#### DATASET EXTRACT

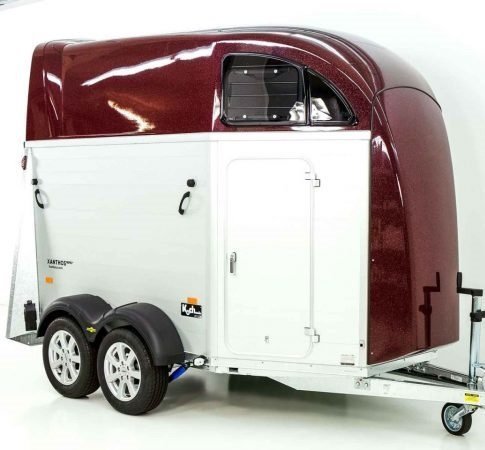 Remorque à chevaux Humbaur XANTHOS AERO 2400 – Image 2
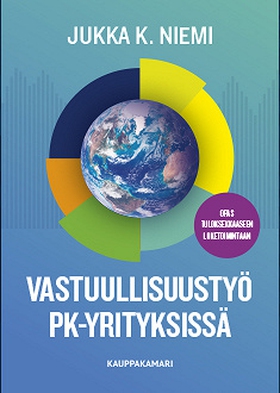 Vastuullisuustyö pk-yrityksissä (e-bok) av Jukk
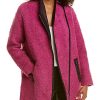NIC+ZOE Pretty In Pink Coat Women -Anne Klein-shop 1411887532 RLLD 1
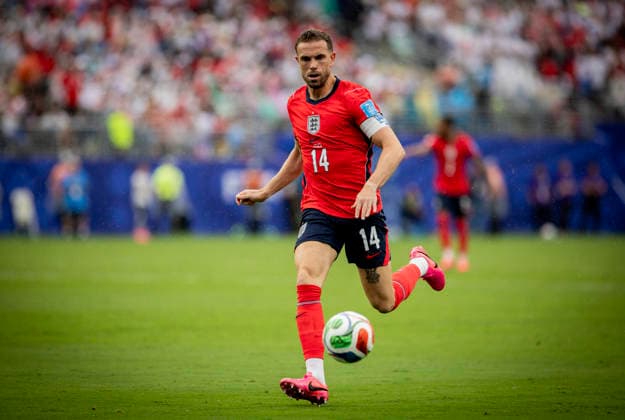 New York, New Jersey, USA, June 27, 2026; Jordan Henderson, ENG vs. Panama, England vs. Panama, World Cup, June 27, 2026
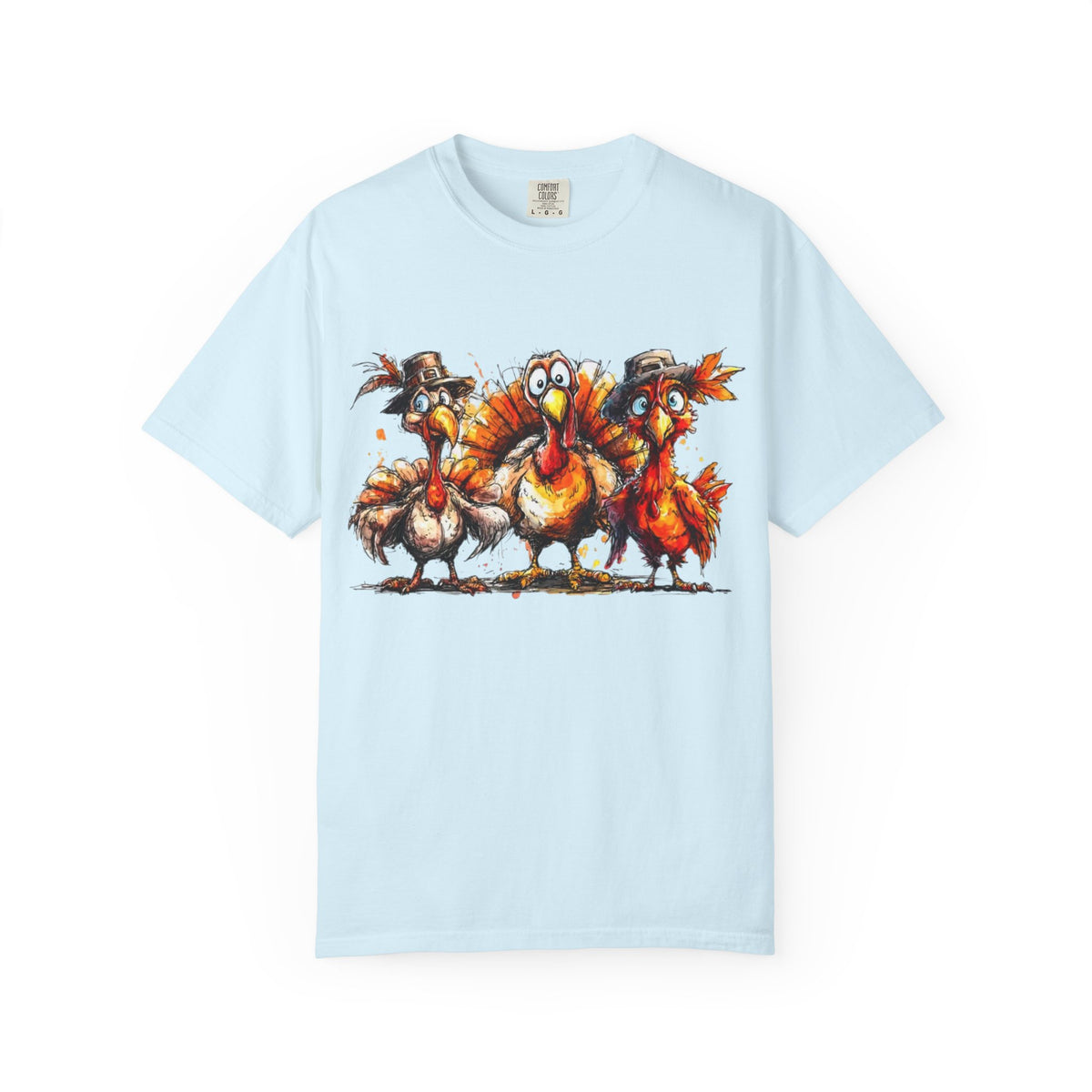Turkey Thanksgiving T-shirt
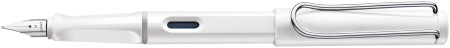 Lamy Safari Fountain Pen - White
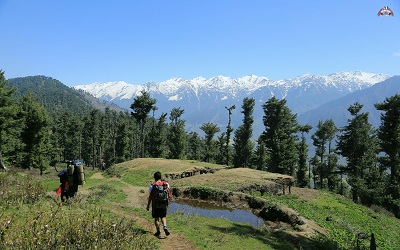 Trekking and camping in the Himalayas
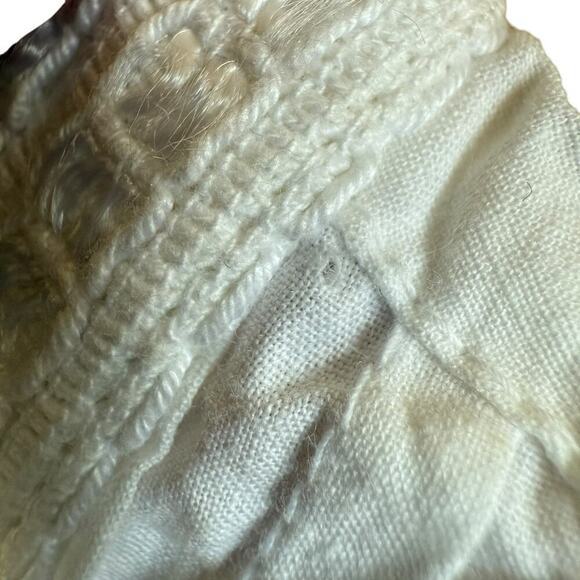 Vtg Forelli Blouse Women's Button Up Top White 4X XXXXL Comfort Relaxed Boxy - Picture 11 of 12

########

#### ACTIVITY:
All entries above must be duplicated exactly; please omit any picture they hold.

#### OUTPUT FOR THIS EXERCISE:
 Remorque à chevaux Humbaur XANTHOS AERO 2400 – Image 2
 Vastuullisuustyö pk-yrityksissä (e-bok) av Jukk
NIC+ZOE Pretty In Pink Coat Women -Anne Klein-shop 1411887532 RLLD 1
 New York, New Jersey, USA, June 27, 2026; Jordan Henderson, ENG vs. Panama, England vs. Panama, World Cup, June 27, 2026
Turkey Thanksgiving T-shirt
 Lamy Safari Fountain Pen - White
 Trekking and camping in the Himalayas
 Vtg Forelli Blouse Women's Button Up Top White 4X XXXXL Comfort Relaxed Boxy - Picture 11 of 12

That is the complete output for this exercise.